Страница 107 из 120
— От тебя я не ожидала этого, — с горечью упрекнула она его.
— Да что ты, Карима! Я просто хотел утешить, жалея тебя…
— Спасибо! — насмешливо поглядела Карима. — Вижу, как ты жалеешь…
Рифгат и сам понял, что чувство, заставившее его потянуться к Кариме, не было жалостью. И все же, не желая сдаваться, сказал:
— Я тебя не понимаю!
— Не притворяйся, Рифгат. А я тебя поняла. Если у тебя возникло это мерзкое желание, я тебя не виню. Но я думала, что ты сумеешь побороть себя.

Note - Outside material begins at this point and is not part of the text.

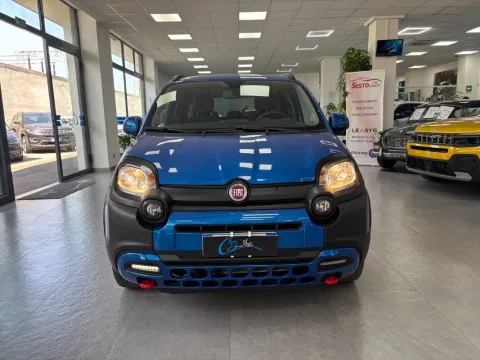 Fiat Panda 1.0 firefly hybrid City Life s&s 70cv 5p.ti - Immagine 2
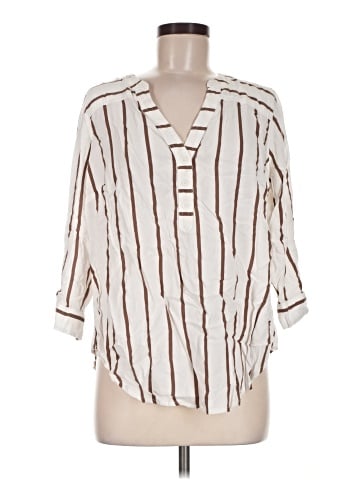 Torrid 3/4 Sleeve Blouse (view 1)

А ты…
— Карима!
Но Карима не хотела его слушать.
— Предупреждаю заранее: если не хочешь, чтобы я сейчас же взяла ребенка и ушла из этого дома, не подходи ко мне с такими мыслями.
Рифгат отошел. Помолчав некоторое время, повернулся к Кариме:
— Положи ребенка в кроватку, пусть спит спокойно.
Увидев, что опасность миновала, Карима уложила ребенка и взялась за работу.
— Прости меня, Карима, я очень ошибся насчет тебя.
— Не ты один, Рифгат. Очевидно, я сама виновата в этом.
6
Теперь Рифгату захотелось в самом деле сказать что-то теплое и ласковое Кариме. Но что он ей скажет? Что она красива? Что она отличная хозяйка?.. «Наиболее приятным для нее было бы, конечно, услышать что-нибудь о Шакире… Почему она сама не спрашивает о нем?»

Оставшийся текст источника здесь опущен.